:: ASSIGNED TASK ::
Could you copy the data that follows exactly as written, but drop the pictures?

---

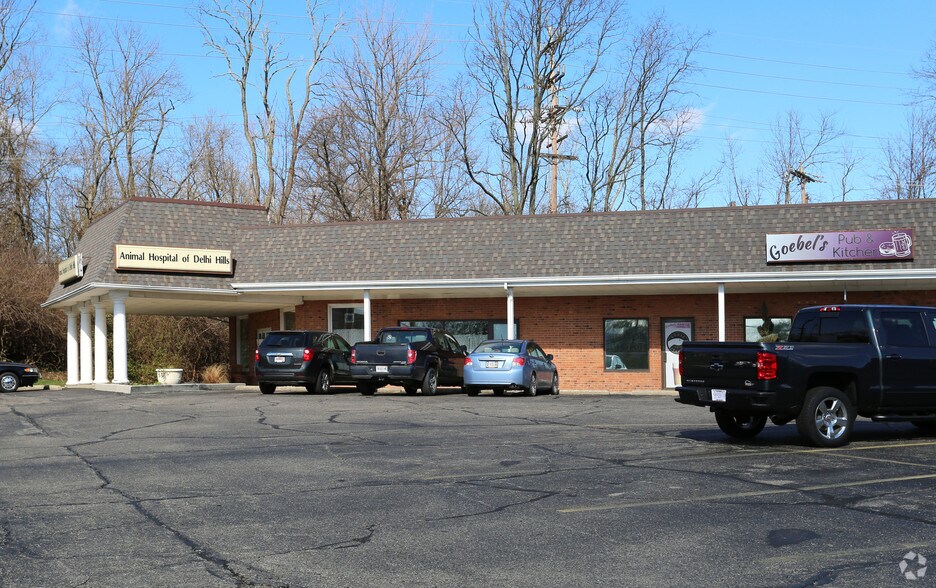 1270-1288 Ebenezer Rd, Cincinnati, OH à louer - Photo du bâtiment - Image 2 de 3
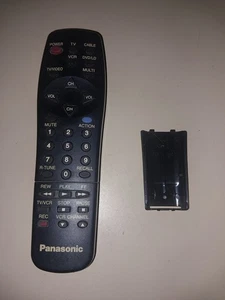Mando a distancia panasonic EUR511112 USADO SIN PROBAR - Imagen 1 de 4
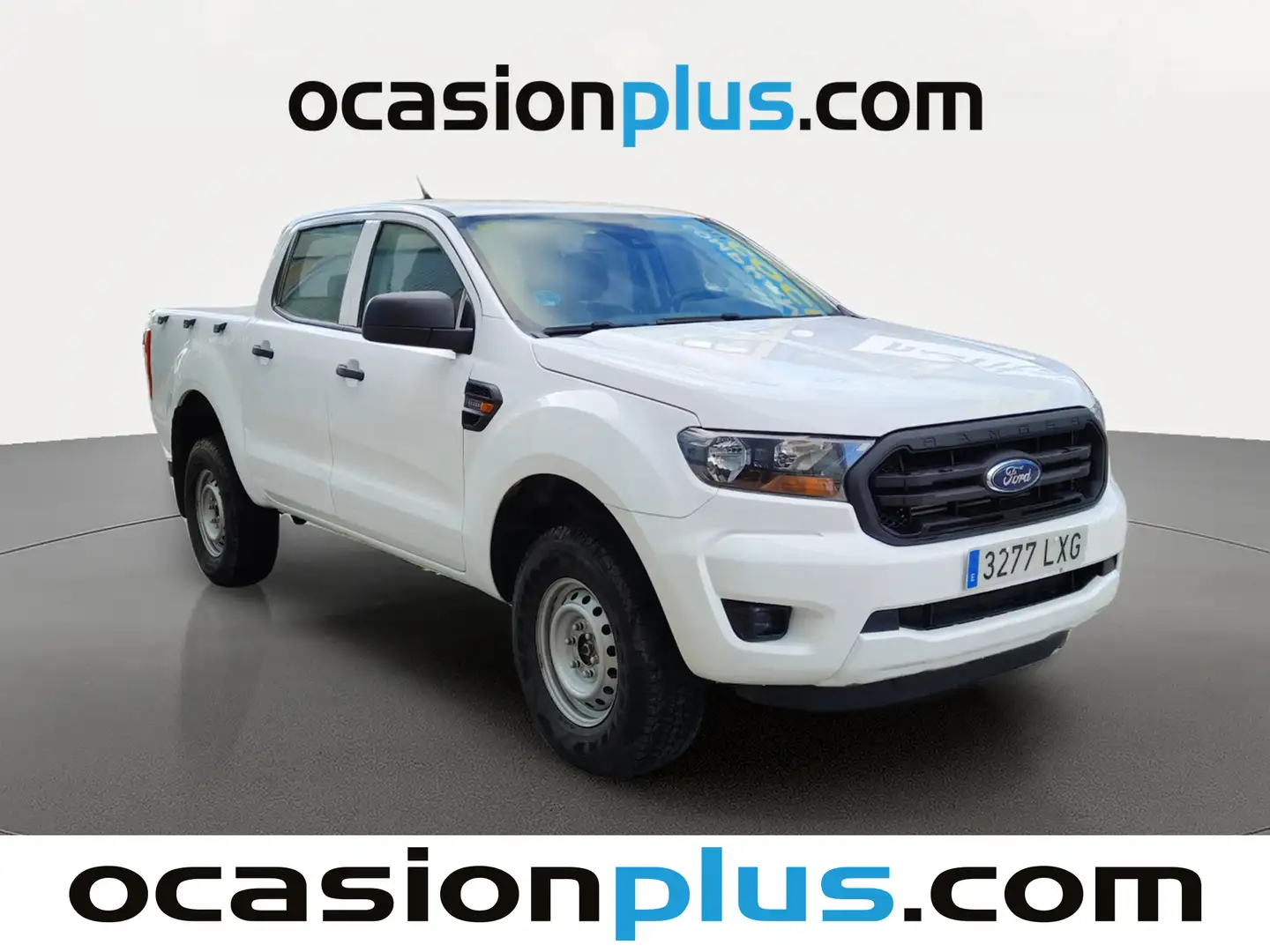 Foto Ford Ranger Ford Ranger 2.0 Ecoblue Doble Cabina XL 4x4 (170 CV)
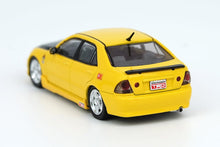 Toyota Altezza RS200 Z-Edition (with extra wheels and decals)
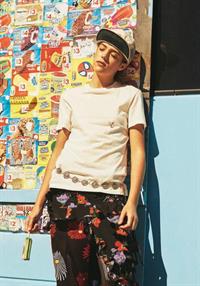 Sistine Rose Stallone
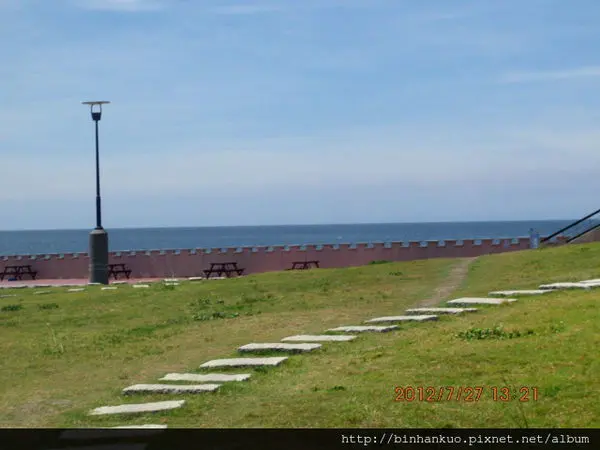 遊紀---和平島公園(3)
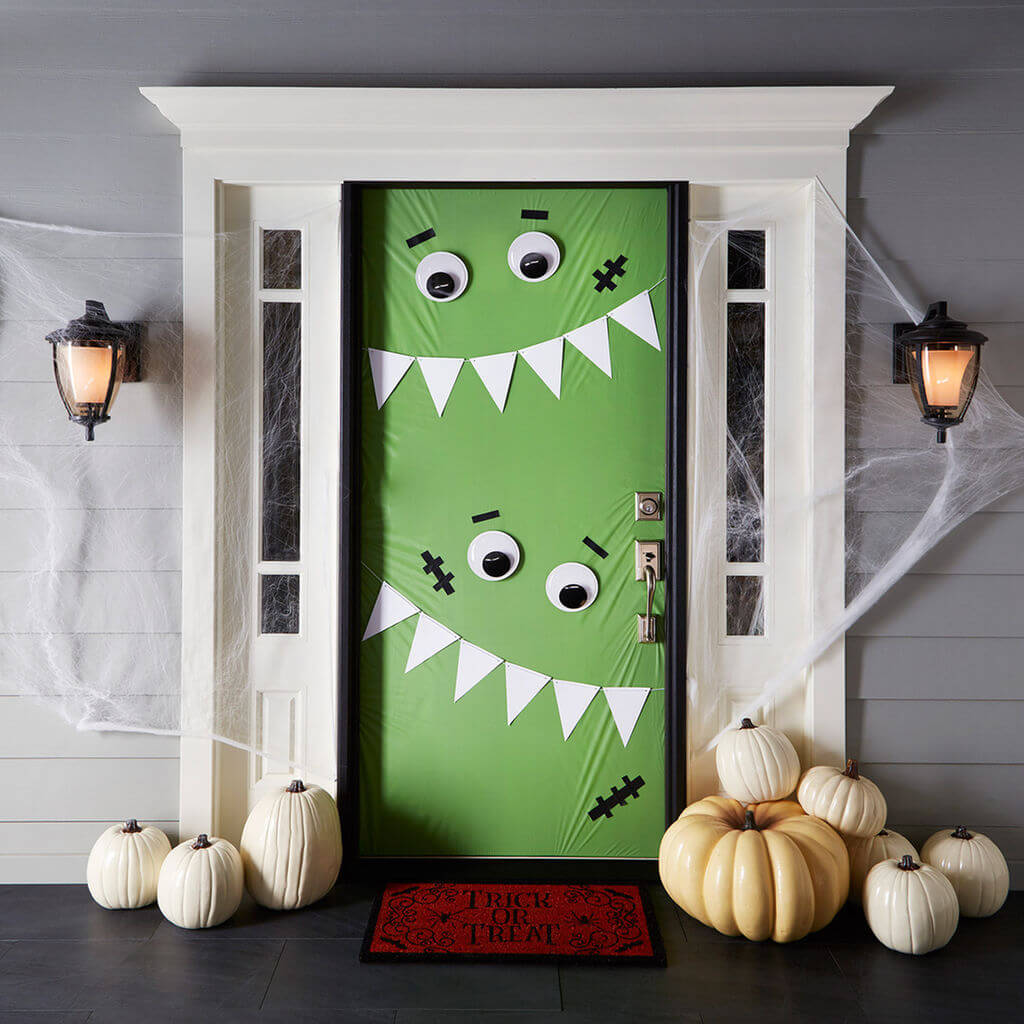30 Halloween Porch Decoration Ideas - Easyday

---

:: TASK OUTPUT ::
 1270-1288 Ebenezer Rd, Cincinnati, OH à louer - Photo du bâtiment - Image 2 de 3
Mando a distancia panasonic EUR511112 USADO SIN PROBAR - Imagen 1 de 4
 Foto Ford Ranger Ford Ranger 2.0 Ecoblue Doble Cabina XL 4x4 (170 CV)
 Toyota Altezza RS200 Z-Edition (with extra wheels and decals)
 Sistine Rose Stallone
 遊紀---和平島公園(3)
30 Halloween Porch Decoration Ideas - Easyday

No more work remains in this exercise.